**WHAT IS REQUIRED**: Return only the lines of the listing below that run from the line with "I started winter" through the line with "But beware of", both ends included, exactly as written.

**LISTED ENTRIES**:
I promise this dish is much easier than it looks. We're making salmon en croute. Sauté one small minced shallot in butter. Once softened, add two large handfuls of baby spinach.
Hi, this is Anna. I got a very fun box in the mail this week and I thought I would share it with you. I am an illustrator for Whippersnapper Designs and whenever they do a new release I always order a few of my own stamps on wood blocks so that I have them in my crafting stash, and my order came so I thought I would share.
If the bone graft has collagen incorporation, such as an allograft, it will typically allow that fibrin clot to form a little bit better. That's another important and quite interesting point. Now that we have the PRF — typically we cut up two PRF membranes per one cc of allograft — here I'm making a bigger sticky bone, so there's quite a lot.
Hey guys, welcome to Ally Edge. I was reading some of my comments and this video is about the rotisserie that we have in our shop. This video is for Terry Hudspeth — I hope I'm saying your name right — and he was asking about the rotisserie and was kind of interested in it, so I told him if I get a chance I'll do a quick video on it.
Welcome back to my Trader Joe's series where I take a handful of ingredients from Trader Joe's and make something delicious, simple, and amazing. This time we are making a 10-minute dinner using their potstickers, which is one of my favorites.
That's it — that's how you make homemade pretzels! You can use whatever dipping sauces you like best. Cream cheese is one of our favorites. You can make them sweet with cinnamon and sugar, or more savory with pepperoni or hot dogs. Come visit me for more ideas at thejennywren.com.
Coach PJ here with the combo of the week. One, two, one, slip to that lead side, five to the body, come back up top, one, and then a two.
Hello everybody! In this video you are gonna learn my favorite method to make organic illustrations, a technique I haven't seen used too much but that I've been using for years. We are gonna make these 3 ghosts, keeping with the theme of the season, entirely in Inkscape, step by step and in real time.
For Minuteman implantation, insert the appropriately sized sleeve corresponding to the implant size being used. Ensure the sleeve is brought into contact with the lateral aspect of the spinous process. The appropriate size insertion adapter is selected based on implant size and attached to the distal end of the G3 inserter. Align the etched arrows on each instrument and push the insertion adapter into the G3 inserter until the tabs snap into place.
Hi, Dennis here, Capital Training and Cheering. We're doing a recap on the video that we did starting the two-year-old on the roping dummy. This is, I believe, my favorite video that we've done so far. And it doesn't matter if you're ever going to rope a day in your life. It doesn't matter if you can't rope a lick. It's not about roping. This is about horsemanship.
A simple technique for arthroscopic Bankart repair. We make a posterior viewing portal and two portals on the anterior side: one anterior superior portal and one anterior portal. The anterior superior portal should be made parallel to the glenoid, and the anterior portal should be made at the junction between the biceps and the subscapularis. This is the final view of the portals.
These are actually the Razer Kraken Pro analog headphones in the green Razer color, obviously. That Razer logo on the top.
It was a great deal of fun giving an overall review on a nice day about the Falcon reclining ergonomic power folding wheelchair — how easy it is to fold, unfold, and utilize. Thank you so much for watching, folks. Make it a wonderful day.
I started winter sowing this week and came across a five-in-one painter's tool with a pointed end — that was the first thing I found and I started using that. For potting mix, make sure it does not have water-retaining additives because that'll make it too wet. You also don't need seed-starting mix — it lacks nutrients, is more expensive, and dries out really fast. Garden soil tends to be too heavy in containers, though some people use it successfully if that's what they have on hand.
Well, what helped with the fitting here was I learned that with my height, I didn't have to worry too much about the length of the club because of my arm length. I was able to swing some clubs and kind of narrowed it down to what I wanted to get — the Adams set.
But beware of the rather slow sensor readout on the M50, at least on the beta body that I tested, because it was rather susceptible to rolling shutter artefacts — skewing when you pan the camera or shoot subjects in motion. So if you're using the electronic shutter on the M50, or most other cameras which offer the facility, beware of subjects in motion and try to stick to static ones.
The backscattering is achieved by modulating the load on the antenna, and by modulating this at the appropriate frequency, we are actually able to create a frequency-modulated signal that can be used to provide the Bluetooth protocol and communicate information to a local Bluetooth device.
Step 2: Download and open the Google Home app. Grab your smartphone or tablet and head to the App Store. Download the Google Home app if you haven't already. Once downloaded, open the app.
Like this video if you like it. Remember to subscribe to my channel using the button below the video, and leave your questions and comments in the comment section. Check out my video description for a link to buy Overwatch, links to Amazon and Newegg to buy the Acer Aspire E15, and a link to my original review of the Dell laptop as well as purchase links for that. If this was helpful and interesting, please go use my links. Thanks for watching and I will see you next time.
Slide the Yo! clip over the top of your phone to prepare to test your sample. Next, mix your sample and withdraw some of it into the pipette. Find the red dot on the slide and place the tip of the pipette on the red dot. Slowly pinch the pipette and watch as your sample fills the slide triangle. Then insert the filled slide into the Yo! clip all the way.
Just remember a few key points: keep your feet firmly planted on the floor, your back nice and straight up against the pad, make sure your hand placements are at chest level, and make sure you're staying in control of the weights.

**ANSWER TO THIS PROBLEM**:
I started winter sowing this week and came across a five-in-one painter's tool with a pointed end — that was the first thing I found and I started using that. For potting mix, make sure it does not have water-retaining additives because that'll make it too wet. You also don't need seed-starting mix — it lacks nutrients, is more expensive, and dries out really fast. Garden soil tends to be too heavy in containers, though some people use it successfully if that's what they have on hand.
Well, what helped with the fitting here was I learned that with my height, I didn't have to worry too much about the length of the club because of my arm length. I was able to swing some clubs and kind of narrowed it down to what I wanted to get — the Adams set.
But beware of the rather slow sensor readout on the M50, at least on the beta body that I tested, because it was rather susceptible to rolling shutter artefacts — skewing when you pan the camera or shoot subjects in motion. So if you're using the electronic shutter on the M50, or most other cameras which offer the facility, beware of subjects in motion and try to stick to static ones.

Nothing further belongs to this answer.